===== Source data
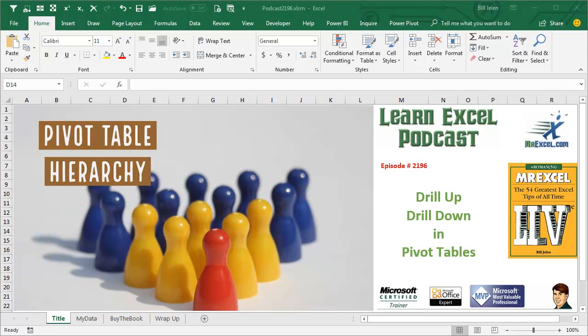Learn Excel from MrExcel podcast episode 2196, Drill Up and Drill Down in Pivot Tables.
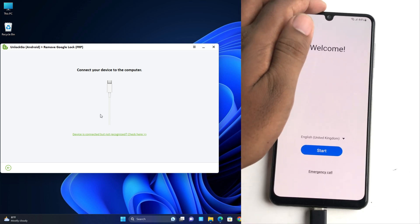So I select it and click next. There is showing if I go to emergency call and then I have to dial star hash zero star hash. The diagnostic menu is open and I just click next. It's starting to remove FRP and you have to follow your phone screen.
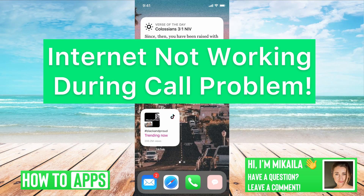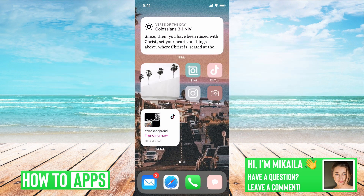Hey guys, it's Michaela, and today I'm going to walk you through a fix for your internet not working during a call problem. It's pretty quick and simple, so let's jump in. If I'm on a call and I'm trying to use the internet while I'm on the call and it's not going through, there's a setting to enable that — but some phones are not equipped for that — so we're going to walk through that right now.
==========
===== Source data
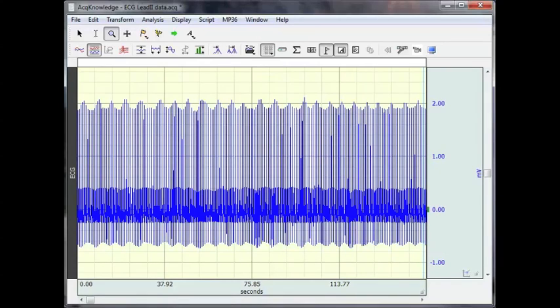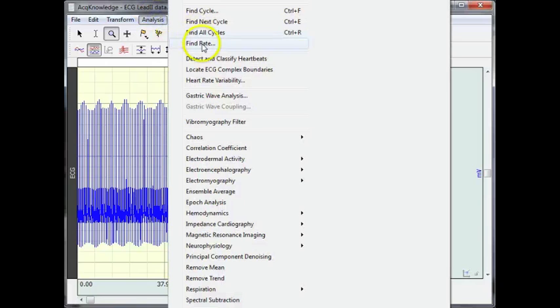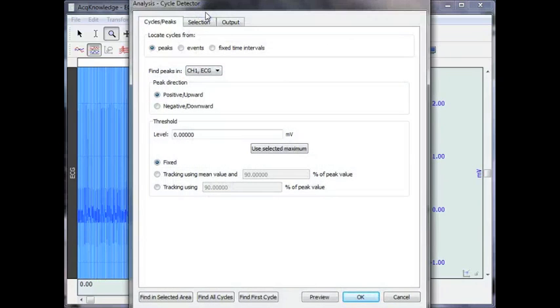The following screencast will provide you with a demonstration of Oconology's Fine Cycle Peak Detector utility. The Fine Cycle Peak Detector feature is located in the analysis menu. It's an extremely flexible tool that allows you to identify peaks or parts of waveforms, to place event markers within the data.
==========
===== Source data
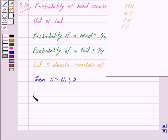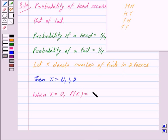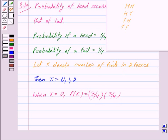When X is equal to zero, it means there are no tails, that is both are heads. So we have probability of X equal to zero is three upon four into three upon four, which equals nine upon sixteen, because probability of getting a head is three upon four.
==========
■ Directions ■
What you return must match, character for character, the lines above from the one with "Learn Excel from" through the one with "So I select", minus any pictures.

■ Written response ■
Learn Excel from MrExcel podcast episode 2196, Drill Up and Drill Down in Pivot Tables.
So I select it and click next. There is showing if I go to emergency call and then I have to dial star hash zero star hash. The diagnostic menu is open and I just click next. It's starting to remove FRP and you have to follow your phone screen.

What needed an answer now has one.